What Have I Become??

Look at all these people—sober. Doing things; researching, studying, UGH. God. I quit the green two weeks ago and I haven’t mustered out a sentence since. I barely drink, so my days of calling on the spirit of Buk or Jackie K or poppin’ bottles to the spirit of Hunter’re gone. Son of a bitch, I’m actually feeling happy now, too. Are you kidding me? Is this life now? Happiness wrapped up in events I can remember, calling it a night and tucking myself in without a nightcap, thinking “today was a good day!” Falling asleep without the haze that comes with bloodshot eyes and two hours of watching cartoons on Netflix?

The first week of sobriety was awful, just awful. In 7 days, I probably slept something like 7 hours. I’d convinced myself I needed a smoke to sleep for so long (4 years) that I willed it into existence.
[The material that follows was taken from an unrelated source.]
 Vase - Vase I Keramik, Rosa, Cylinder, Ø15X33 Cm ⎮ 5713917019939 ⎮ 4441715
When I finally found sleep—and that sweet, sweet REM, my brain conga-danced nightmares so vivid that I preferred punching my bed in insomnia-induced anger.

But now I have to figure this out. No more sunglasses in the daytime—never really used them until I needed to cover up evidence. No more one-hitters before ordering a medium iced coffee (I’m that asshole who won’t say ‘grande’), disappearing behind earplugs and plugging away in my zone. One thing I’ve found: writing sober is hard. How do you people do it? It feels like the stories only came when loosely wrapped in hemp paper—too tight and the pulls are hard (FYI). Maybe, in the case of the Skinny stories, it’s a matter of the mid-story slump. In the others, maybe I’m trying to figure out a voice distinct from the clutter I’ve written. I mean, I’ll be honest here—there’s A LOT of stories on this blog but I’d recommend reading 5, at most. The others, well, let’s just say you can tell I was in a different state of mind while writing them. Write drunk (stoned) / Edit sober. Na, it made me lazy. My mantra was “write stoned / fuck it”; it’ll be just as good as sober writes. To blatantly shoehorn some culture into this crockpot, Das ist mir doch alles wurscht—it’s all the same to me.
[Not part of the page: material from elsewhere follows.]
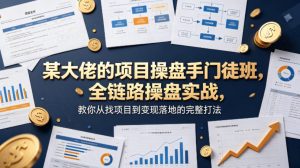 某大佬的项目操盘手门徒班，全链路操盘实战，教你从找项目到变现落地的完整打法-赚钱驿站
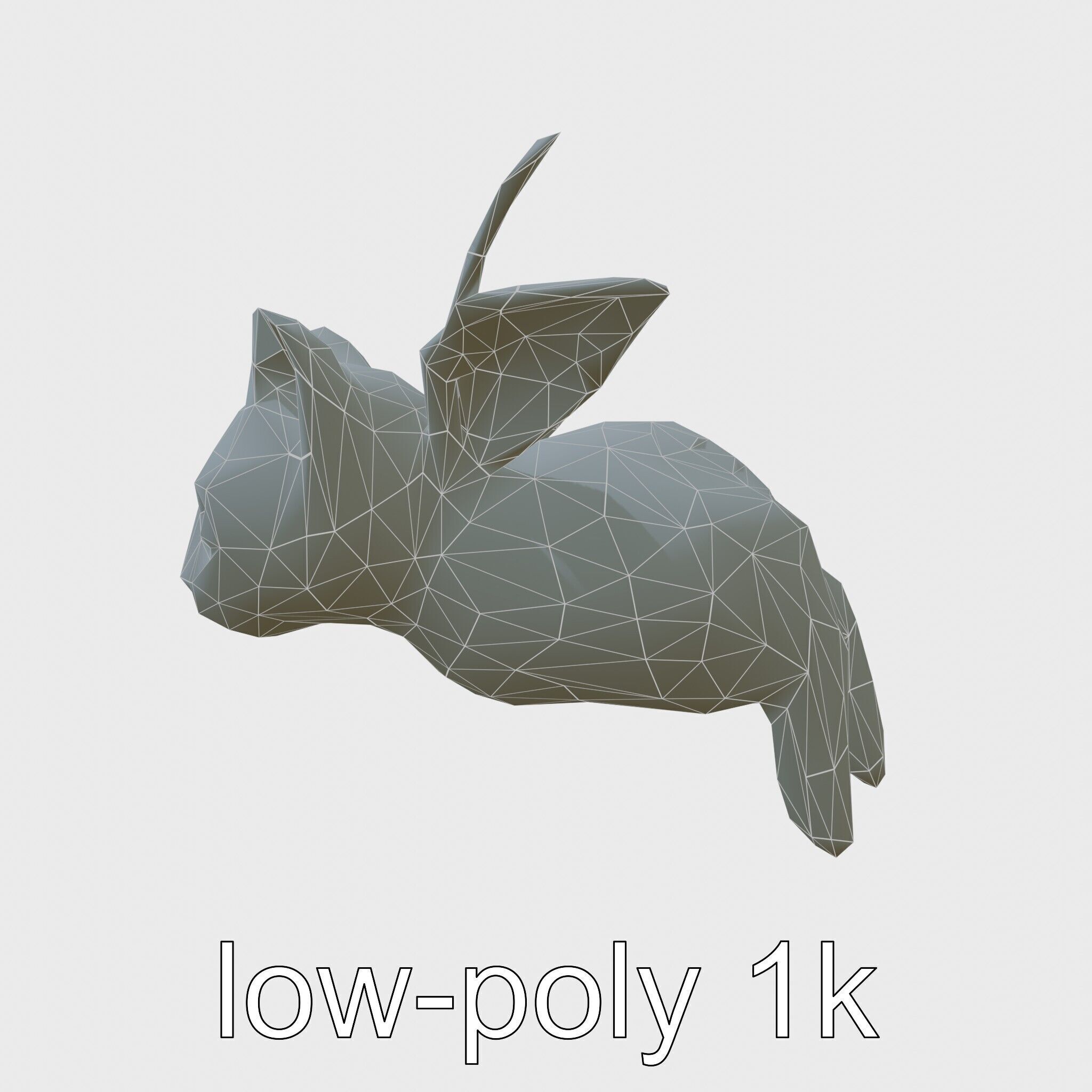 Flying Cat Bat Hybrid Creature model pack Low-poly 3D model_9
So please pardon the lack of updates except the admission that I was sexually harassed by an 85 year old man at a former workplace. I need to figure out the writing again. To be honest, I’ve been writing so much at work lately that I really need to take the time to sit down and write for myself before everything gets all shitted up. Yada yada yada. You don’t care about this, and you shouldn’t.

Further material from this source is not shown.